#### [WHAT YOU ARE ASKED TO DO]
The reply should repeat all of the data word for word, with no pictures.

Collected data:

BEGIN

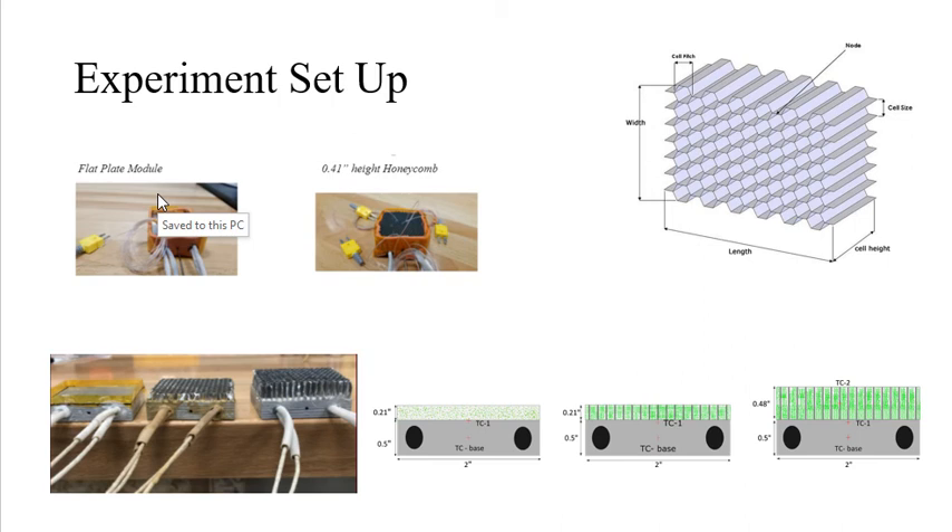Variations of the honeycomb heights were tested to determine efficiency and optimal conditions. Each testbed has an aluminum base plate, while the other two testbeds include honeycomb structures with variable heights. I have provided another schematic of an aluminum honeycomb structure on the top of this slide.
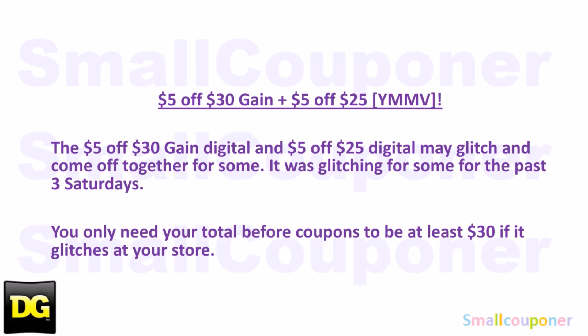The $5 off $30 and the $5 off $25 have been glitching at certain stores the past Saturdays. If it does glitch at your store, your total for your Gain products only needs to be at least $30 or more in order for both to come off. It may not glitch at every store, but at some stores it is glitching.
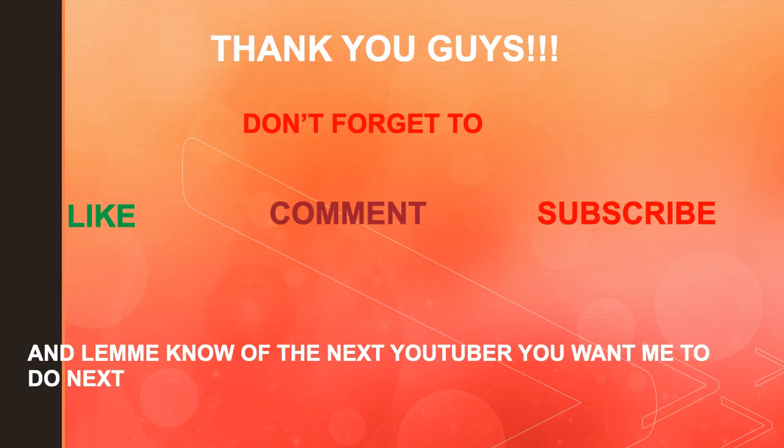And that's it. Thank you guys. Don't forget to like, comment, and subscribe, and let me know which YouTuber you want me to cover next.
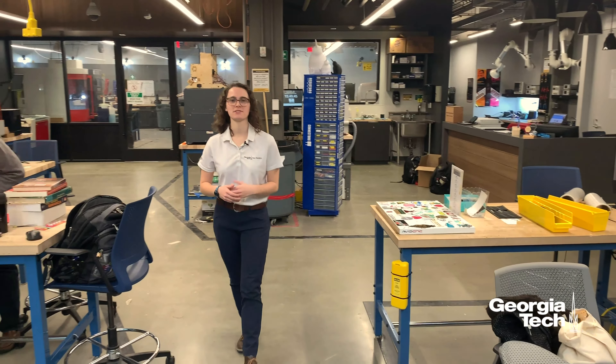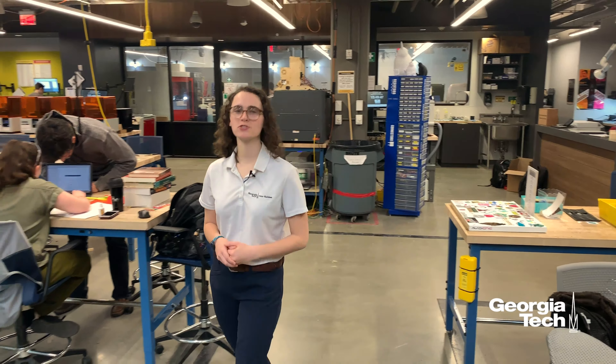You're now in the world-famous Flowers Invention Studio. This 12,000 square foot student-run makerspace has anything you would ever need to make anything you would ever want.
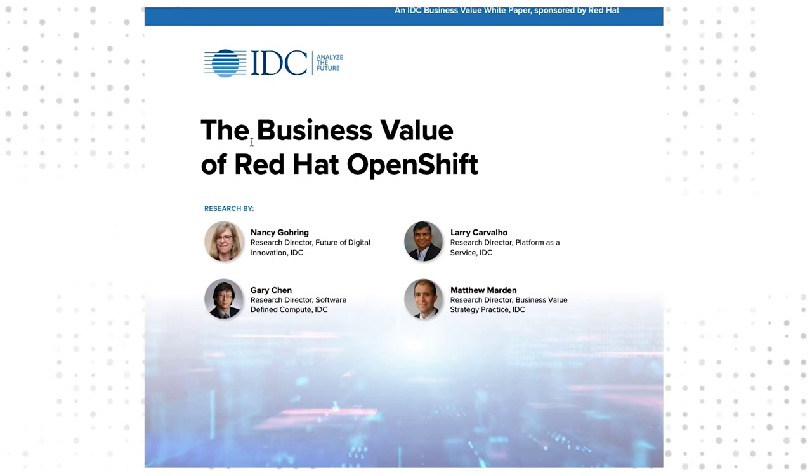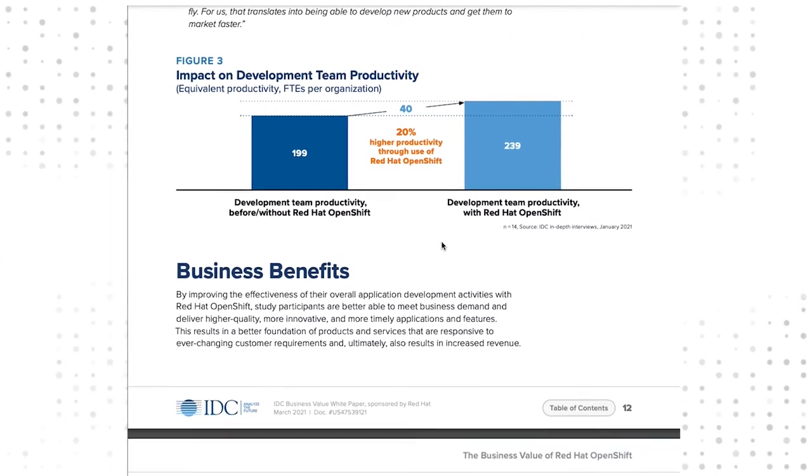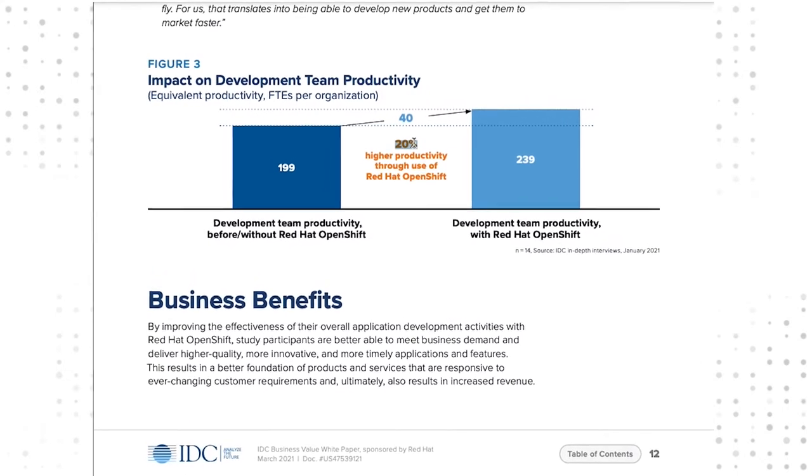From IDC's report, The Business Value of Red Hat OpenShift, we learned that application development on OpenShift results in 20% higher development.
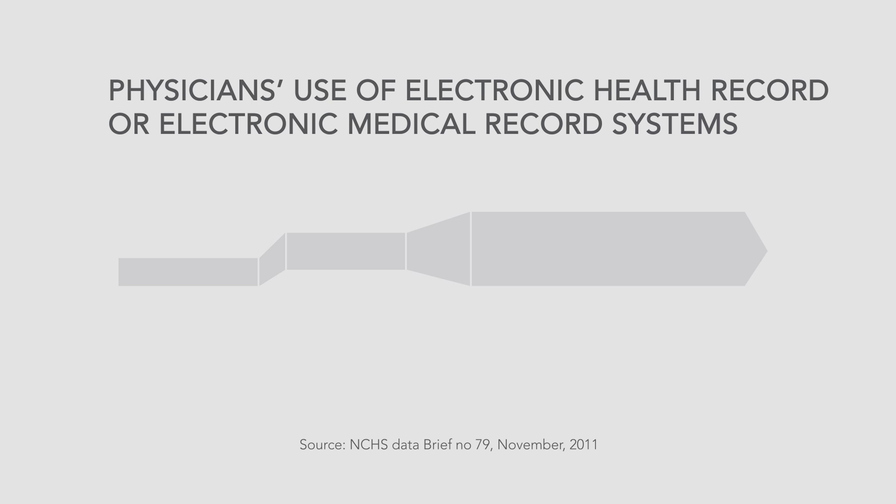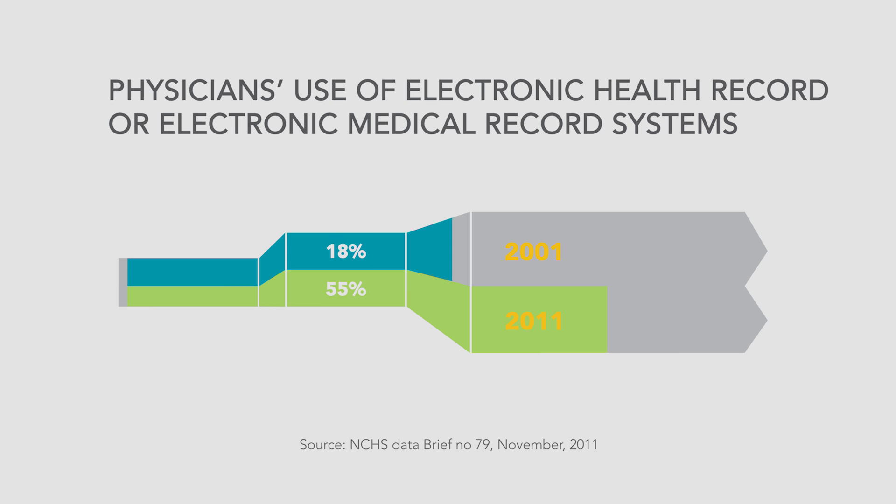Before we had paper-based patient records, now we have electronic health records that have these wonderful clinical decision support systems.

END

#### [PROBLEM SOLUTION]
Variations of the honeycomb heights were tested to determine efficiency and optimal conditions. Each testbed has an aluminum base plate, while the other two testbeds include honeycomb structures with variable heights. I have provided another schematic of an aluminum honeycomb structure on the top of this slide.
The $5 off $30 and the $5 off $25 have been glitching at certain stores the past Saturdays. If it does glitch at your store, your total for your Gain products only needs to be at least $30 or more in order for both to come off. It may not glitch at every store, but at some stores it is glitching.
And that's it. Thank you guys. Don't forget to like, comment, and subscribe, and let me know which YouTuber you want me to cover next.
You're now in the world-famous Flowers Invention Studio. This 12,000 square foot student-run makerspace has anything you would ever need to make anything you would ever want.
From IDC's report, The Business Value of Red Hat OpenShift, we learned that application development on OpenShift results in 20% higher development.
Before we had paper-based patient records, now we have electronic health records that have these wonderful clinical decision support systems.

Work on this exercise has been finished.